How Important Is Visual Design? - a_pawlowski
Coming from a background of design, I could argue all day about the importance of great design. Whole companies have gained their competitive advantage, not because their product was better, but because their design was (scan.me who sold for 50mil - https:&#x2F;&#x2F;siliconslopes.com&#x2F;snapchat-buys-scan-me-for-50-million-a6d89221c2e6) . Design adds credibility and creates joy when using a product. I believe that companies who care about the design of their products, website, marketing materials, etc are taken more seriously and stand out among competitors - YET - I have seen over and over again the ugliest sites be massively popular and effective (reddit, hackernews) internet marketing funnels with design that would give any designer a conniption - yet they are highly profitable and convert like crazy. So my question is - How important is design, really? Curious to know how you feel.
======
PaulHoule
Often designers put their hearts into things that look like junk to people on
the outside, or otherwise are not appreciated or have practical downsides.
This is particularly well documented in architecture, see

[https://mitpress.mit.edu/books/learning-las-
vegas](https://mitpress.mit.edu/books/learning-las-vegas)

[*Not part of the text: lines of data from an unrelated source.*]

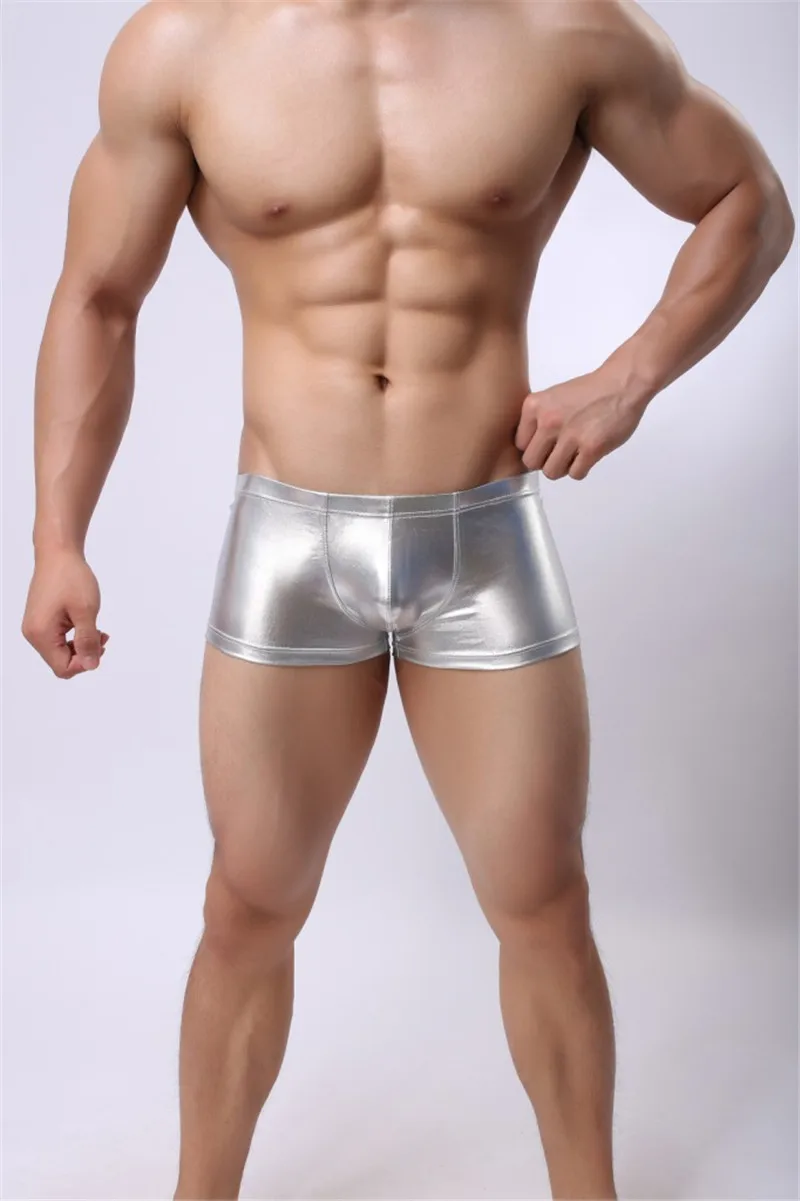 Высококачественные мужские боксеры из искусственной кожи сексуальное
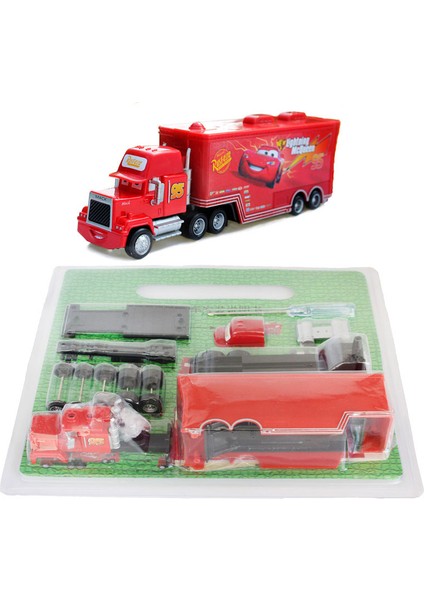 Disney Pixar Araba 2 Yıldırım Mcqueen Mack Amca Kamyon Montaj Seti 1:55 Döküm Metal Araba Modeli Oyuncak Çocuk Noel Si (Yurt Dışından) modelleri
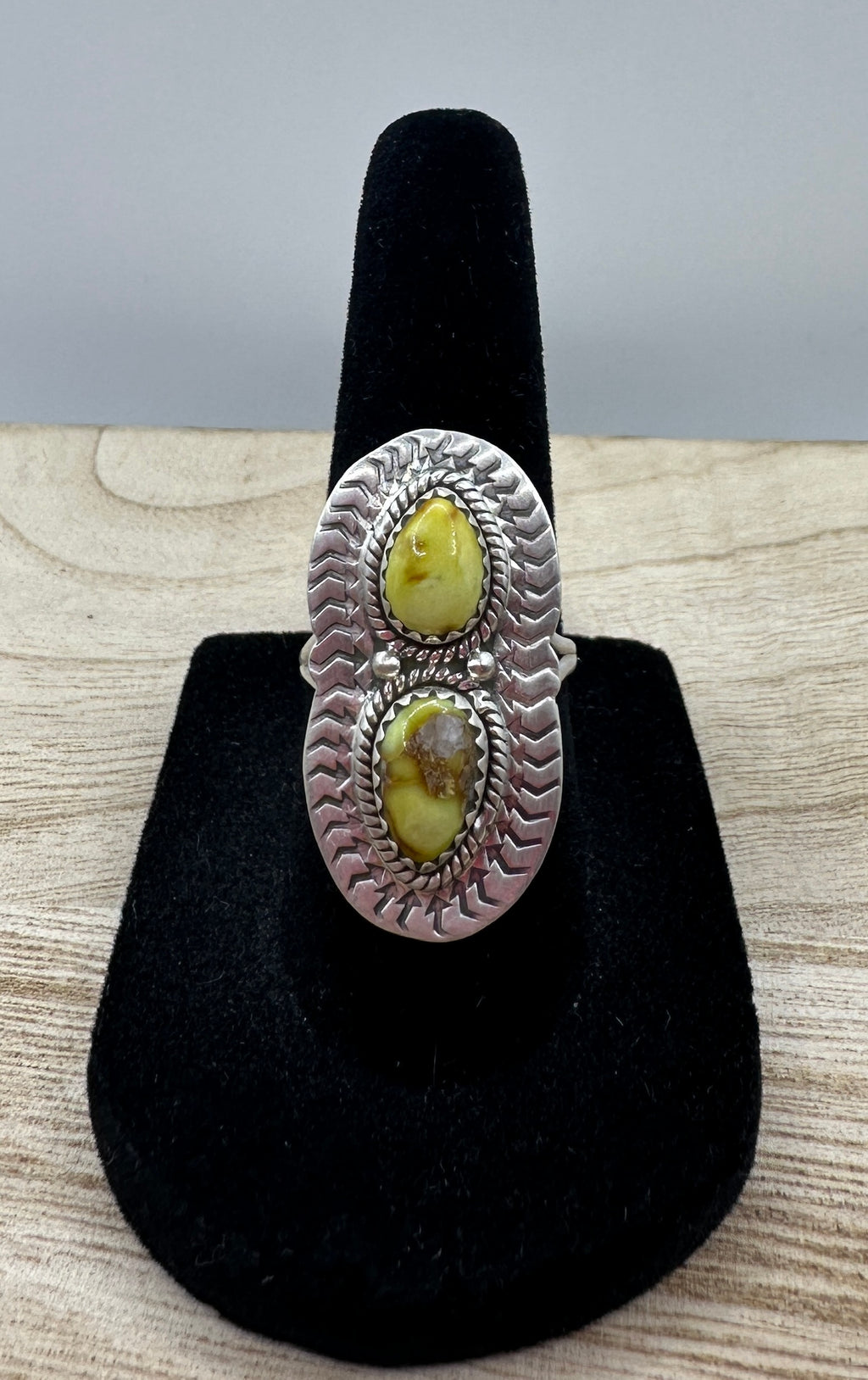 Palomino Turquoise Ring Size 6.25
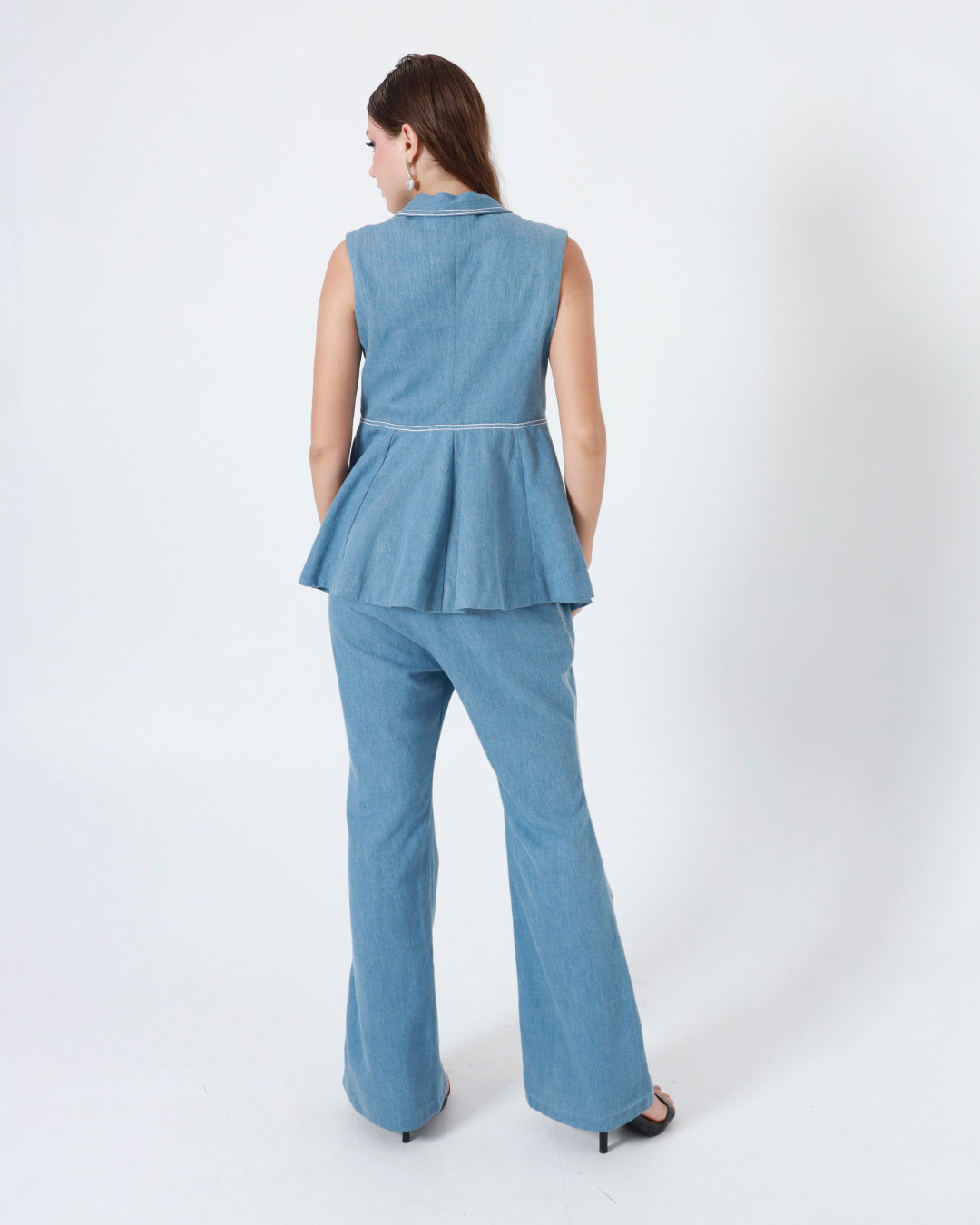 Denim Blue Peplum Co-ord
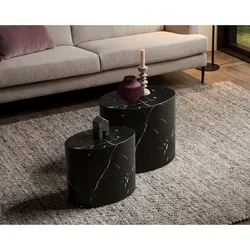 SalesFever »Harley« Couchtisch 2er-Set schwarz
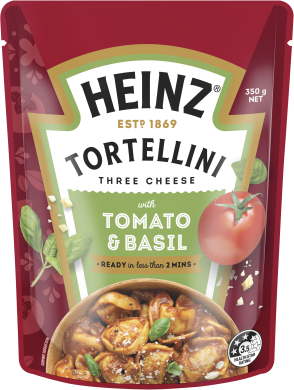 Heinz® Tortellini Three Cheese with Tomato & Basil 350g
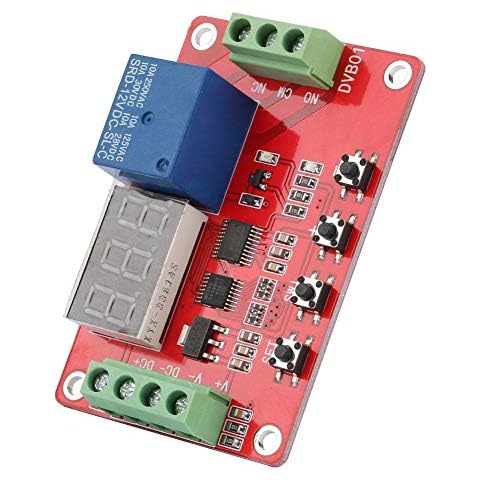 Akozon Digital Fensterspannungsvergleicher 12 V / 24 V Rot DVB01 Digital Fensterspannungsvergleicher/Spannungsmessung(12V) Cover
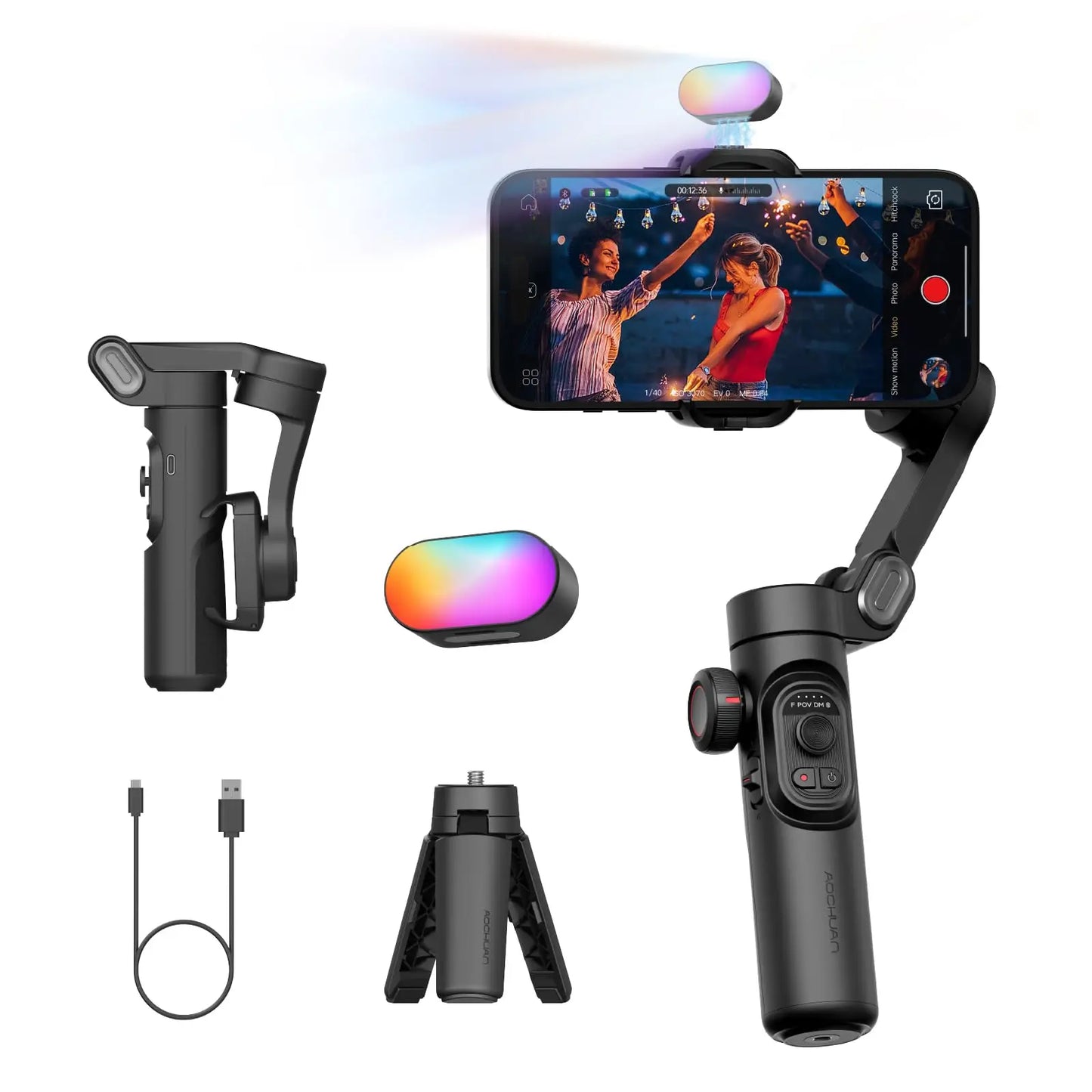 AOCHUAN Smart XE 3 Axis Handheld Gimbal Stabilizer For Smartphones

[https://www.amazon.com/Death-Life-Great-American-
Cities/dp/0...](https://www.amazon.com/Death-Life-Great-American-
Cities/dp/067974195X)

and also

[https://www.amazon.com/Visual-Display-Quantitative-
Informati...](https://www.amazon.com/Visual-Display-Quantitative-
Information/dp/1930824130)

I think there is nothing wrong with the "design" of reddit and HN. Those
designs do the job; I think in most cases the design is just a container for
the content. People come to these sites because they want to enjoy the
discussion, not because they want to enjoy art.

If anybody has a complaint about the design of HN, it is that they have a hard
time reading it on phones with small screens.